ASSIGNED TASK:
Reproduce every line of the data, exactly and without its pictures.

TASK DATA:
Segment Open

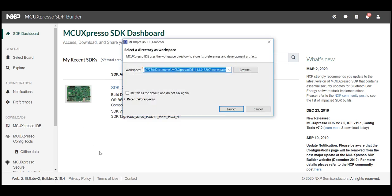Like all Eclipse IDEs you will be asked to select a workspace location. This can be anywhere on your computer but should be a new directory to ensure that it's empty.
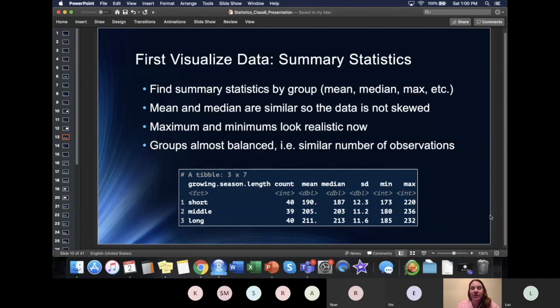That similar spread across groups is going to come up later because it's very important — it's actually one of the qualifications for running ANOVA. Looking at the min and max: given my domain knowledge, I know these look realistic. The low values were probably a weather event and the high values were a great growing season, but these look in the realm of possibility.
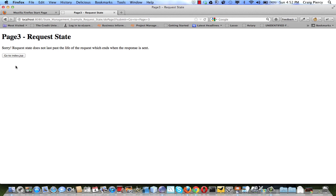New request and the final response is request state does not last past the life of the request, which ends when the response is sent. So we see the data that corresponds to the request with the form lasted only as long to receive the response from that request.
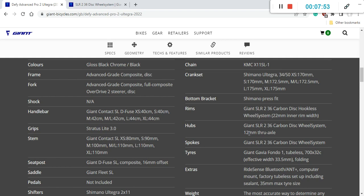So these wheels are also wrapped in Giant Gavia Fondo tire. This is a tubeless tire, ready out of the box, 32 mm tire, great stuff.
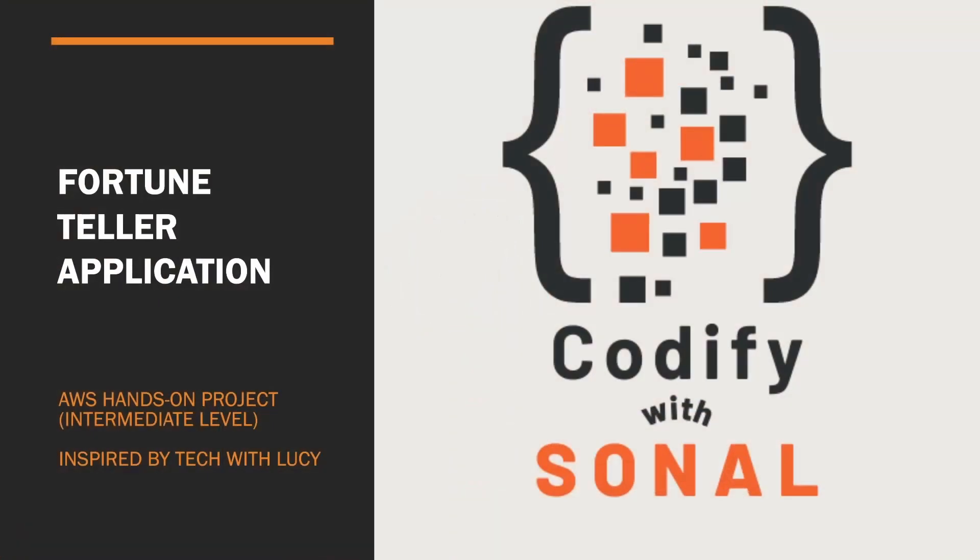Hello all, welcome to Codify with Sonal. Today we are going to do a very interesting AWS hands-on project which is an intermediate level project. It's about a fortune teller application. This video I am making when I saw a project idea given by Lucy Wang, that is Tech with Lucy YouTube channel.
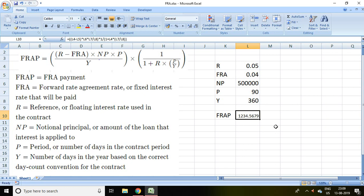That is all about how to calculate forward rate agreement payment. Thank you. I hope you like it.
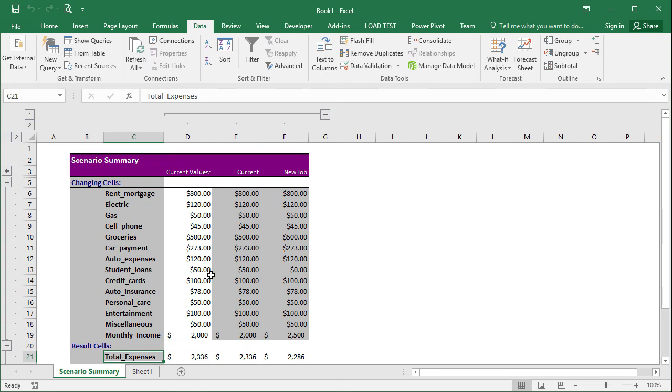And that's basically it. That's the scenario manager in a nutshell. I hope you liked this video. If you did, please give it a thumbs up. And I'm going to see you next time.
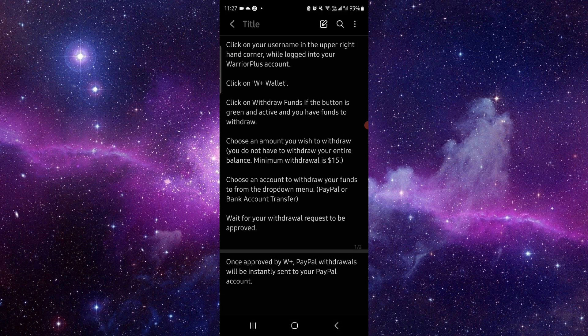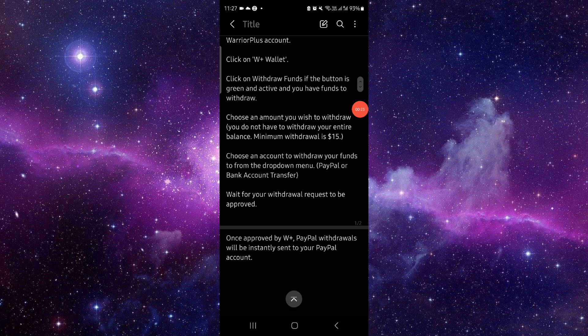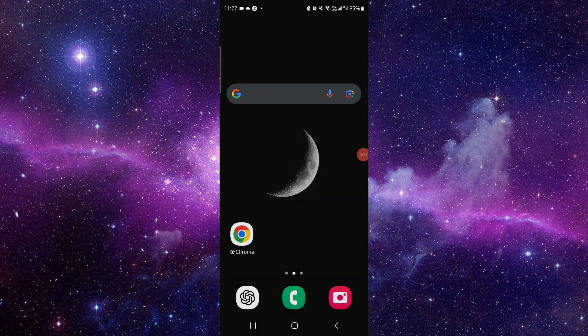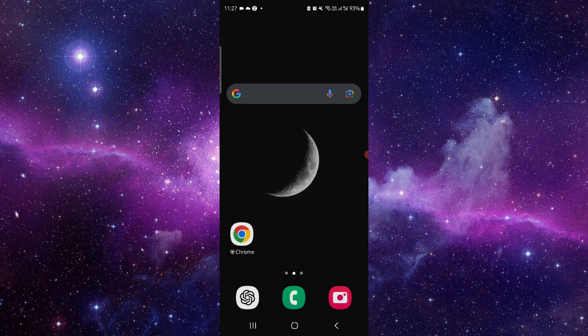here you have to go, then click on the username upper right here. Go to, click on W+ Wallet, then click on Withdraw Funds. Then after, here you can choose the amount, and then you can do it, and then done. So this is how to withdraw the money from Warrior Plus.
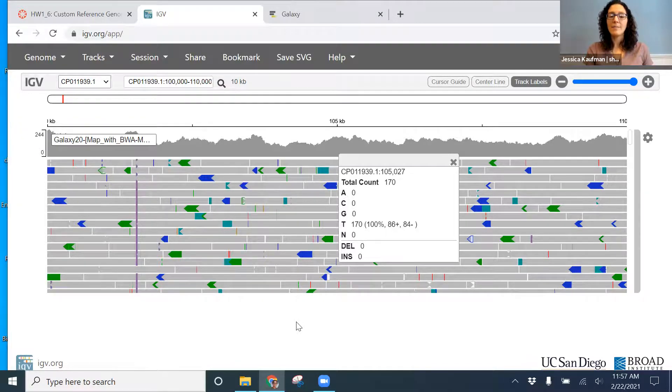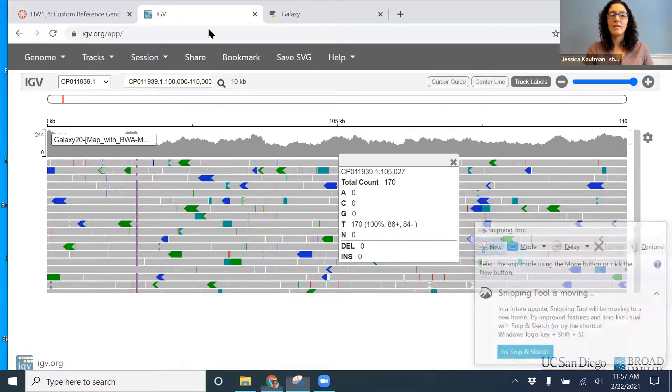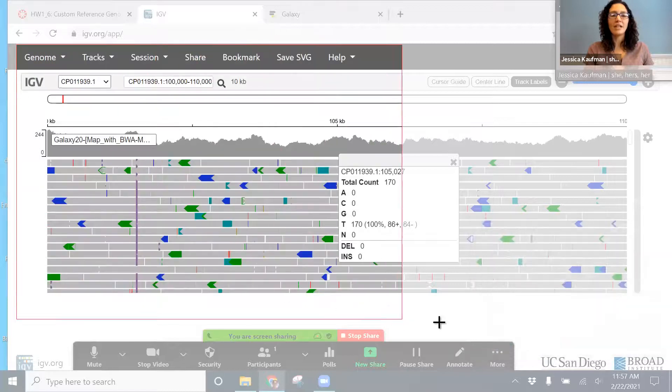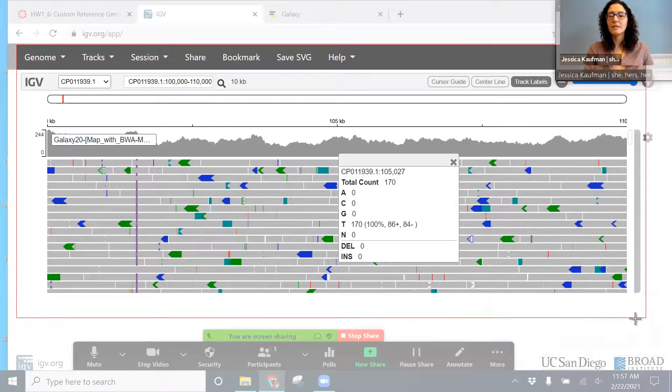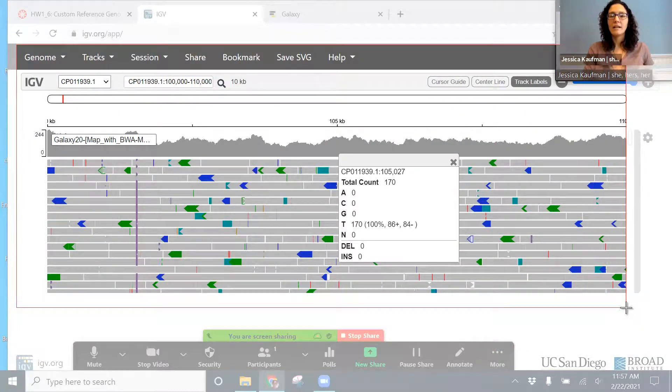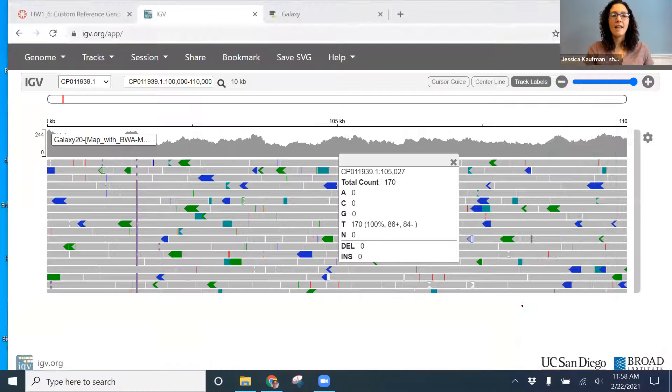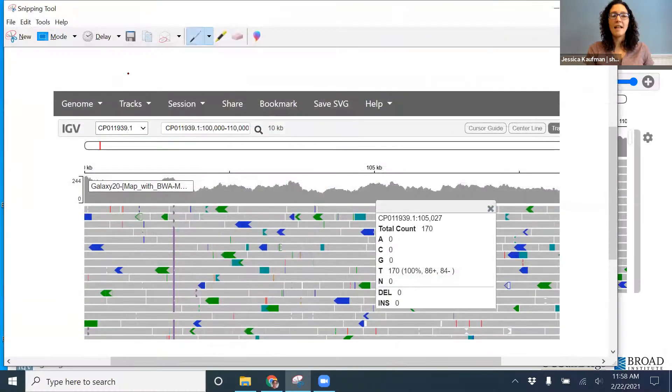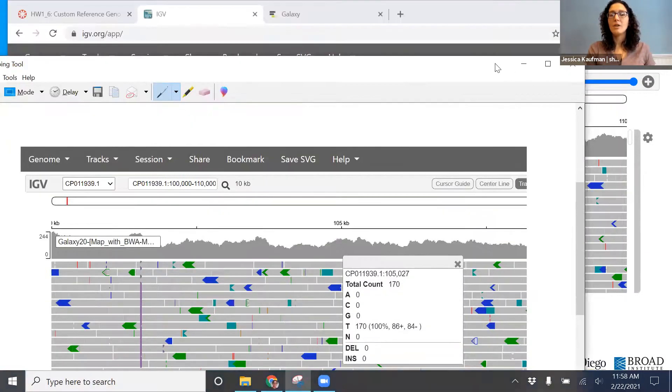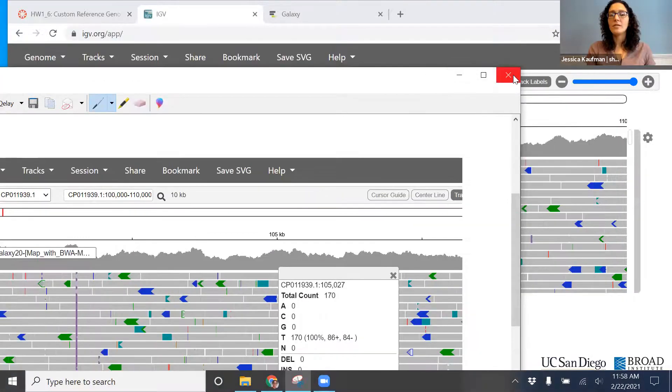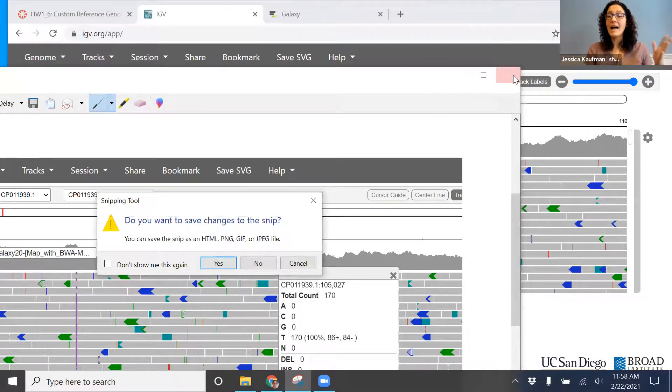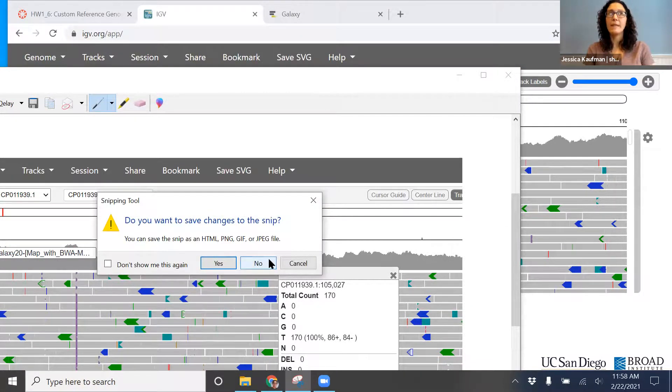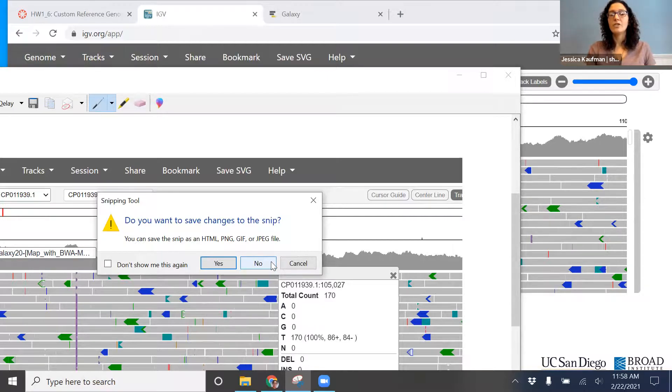Now I can use the snipping tool to take a picture that I can use as a figure and save it to my desktop. You can also use, on a Mac, shift alt 3 or command alt 3 or alt 4 to do a screenshot.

Segment Closed

YOUR SOLUTION:
Like all Eclipse IDEs you will be asked to select a workspace location. This can be anywhere on your computer but should be a new directory to ensure that it's empty.
That similar spread across groups is going to come up later because it's very important — it's actually one of the qualifications for running ANOVA. Looking at the min and max: given my domain knowledge, I know these look realistic. The low values were probably a weather event and the high values were a great growing season, but these look in the realm of possibility.
New request and the final response is request state does not last past the life of the request, which ends when the response is sent. So we see the data that corresponds to the request with the form lasted only as long to receive the response from that request.
So these wheels are also wrapped in Giant Gavia Fondo tire. This is a tubeless tire, ready out of the box, 32 mm tire, great stuff.
Hello all, welcome to Codify with Sonal. Today we are going to do a very interesting AWS hands-on project which is an intermediate level project. It's about a fortune teller application. This video I am making when I saw a project idea given by Lucy Wang, that is Tech with Lucy YouTube channel.
That is all about how to calculate forward rate agreement payment. Thank you. I hope you like it.
And that's basically it. That's the scenario manager in a nutshell. I hope you liked this video. If you did, please give it a thumbs up. And I'm going to see you next time.
here you have to go, then click on the username upper right here. Go to, click on W+ Wallet, then click on Withdraw Funds. Then after, here you can choose the amount, and then you can do it, and then done. So this is how to withdraw the money from Warrior Plus.
Now I can use the snipping tool to take a picture that I can use as a figure and save it to my desktop. You can also use, on a Mac, shift alt 3 or command alt 3 or alt 4 to do a screenshot.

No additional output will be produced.